Nigeria, prima la trattativa poi l’attacco improvvisato

Gli inglesi si aspettavano la resa dei rapitori, che invece stavano per "vendere" gli ostaggi ai Boko Haram

Nigeria, prima la trattativa poi l’attacco improvvisato

Il nostro governo non s’attendeva un blitz, ma un’operazione a metà tra la trattativa e il braccio di ferro. I servizi segreti britannici durante i contatti con quelli italiani prospettavano un’operazione facilitata dal tradimento o dalla disponibilità alla resa dei rapitori. «Tutto è invece degenerato – spiega al Giornale una fonte d’intelligence - l’intervento è diventato una battaglia. Non è stata un’operazione pianificata, ma dettata dagli eventi». Una valutazione condivisa dal generale Luciano Piacentini, ex comandante del Nono Reggimento Col Moschin, uno dei reparti delle forze speciali italiane: «Un blitz efficace si basa sulla sorpresa, dura non più di 40 secondi e termina con la messa in salvo degli ostaggi e l’eliminazione dei sequestratori. Qui, tutto sembra essere andato all’opposto».

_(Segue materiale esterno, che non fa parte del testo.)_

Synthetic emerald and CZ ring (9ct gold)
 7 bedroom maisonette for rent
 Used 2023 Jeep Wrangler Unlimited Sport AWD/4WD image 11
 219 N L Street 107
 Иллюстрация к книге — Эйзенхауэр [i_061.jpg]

Dunque cos’è successo a Sokoto, e cosa ci hanno nascosto gli inglesi? Tutto inizia nello Stato nigeriano del Kaduna martedì 6 marzo, quando le forze governative smantellano una base dei Boko Haram, il gruppo fondamentalista legato ad Al Qaida che terrorizza il nord del Paese. Le indicazioni fornite da un militante catturato portano al covo alla periferia di Sokoto dove sono tenuti prigionieri Franco Lamolinara e Christopher McManus. Le 48 ore successive sono segnate dalle trattative tra inglesi e nigeriani, che pretendono ovviamente di partecipare anche alle fasi successive. Presso l’ambasciata britannica di Lagos è già al lavoro da almeno due settimane una squadra dello Special Boat Service (l’equivalente delle Seals americane e dei nostri incursori di marina del Comsubin) appoggiata da una trentina di uomini dei Royal Marines. Dal Gchq, la struttura dell’intelligence britannica responsabile delle comunicazioni, arrivano le intercettazioni dei cellulari dei rapitori e le immagini via satellite del covo. Al Cobra, il coordinamento tra intelligence, governo e forze armate britanniche, si decide il da farsi. Nessuno però prevede un intervento così immediato. Secondo l’intelligence di Lagos il gruppo dei rapitori non è organico ai Boko Haram e ha al suo interno un anello debole pronto a fornire informazioni e convincere gli altri alla resa. Dunque si pensa di poter arrivare sull’obbiettivo senza colpo ferire. Quest’impostazione viene comunicata anche ai servizi segreti italiani. Ma la notte tra mercoledì e giovedì notte quell’ipotesi si rivela irrealizzabile.

Stando alle intercettazioni la fazione più oltranzista della banda è pronta a disfarsi degli ostaggi eliminandoli o consegnandoli ai Boko Haram. Giovedì mattina il direttore delle Forze Speciali inglesi, buon amico di Cameron, riceve da Lagos un rapporto il cui senso è «ora o mai più». Qualche ora dopo gli italiani ricevono comunicazioni frammentarie in cui si preannuncia l’avvio dell’operazione, ma non si spiega il cambio di programma. Anche perché sul terreno i tempi sono strettissimi e la situazione totalmente sfavorevole. Le ore migliori per un’irruzione sono quelle precedenti l’alba quando almeno una parte dei nemici dorme. Grazie alle tenebre le forze speciali sfruttano il vantaggio dei visori notturni e riducono al massimo il rischio di un coinvolgimento di civili.

L’unità dello Special Boat si ritrova invece a intervenire a metà mattina facendosi seguire da un consistente gruppo di forze nigeriane assai meno abili nel muoversi con discrezione. Svanisce così - nota Piacentini - quell’elemento sorpresa «fondamentale per il successo di un blitz». Una volta sull’obbiettivo i commandos inglesi fronteggiano un’accanita resistenza. Come dimostrano le immagini trasmesse a Londra da un ricognitore in volo sull’obbiettivo i commandos perdono minuti preziosi prima di riuscire a uccidere i due terroristi all’ingresso e non riescono a penetrare nella stanza sul retro dove son tenuti gli ostaggi.

«Se è andata così il fallimento era quasi inevitabile, un blitz del genere - spiega Piacentini - non può durare più di quaranta secondi». Quindi, nei primi interminabili minuti di sparatoria si decide la sorte di Franco Lamolinara e Christopher McManus, freddati dai carcerieri. E il totale fallimento del raid inglese.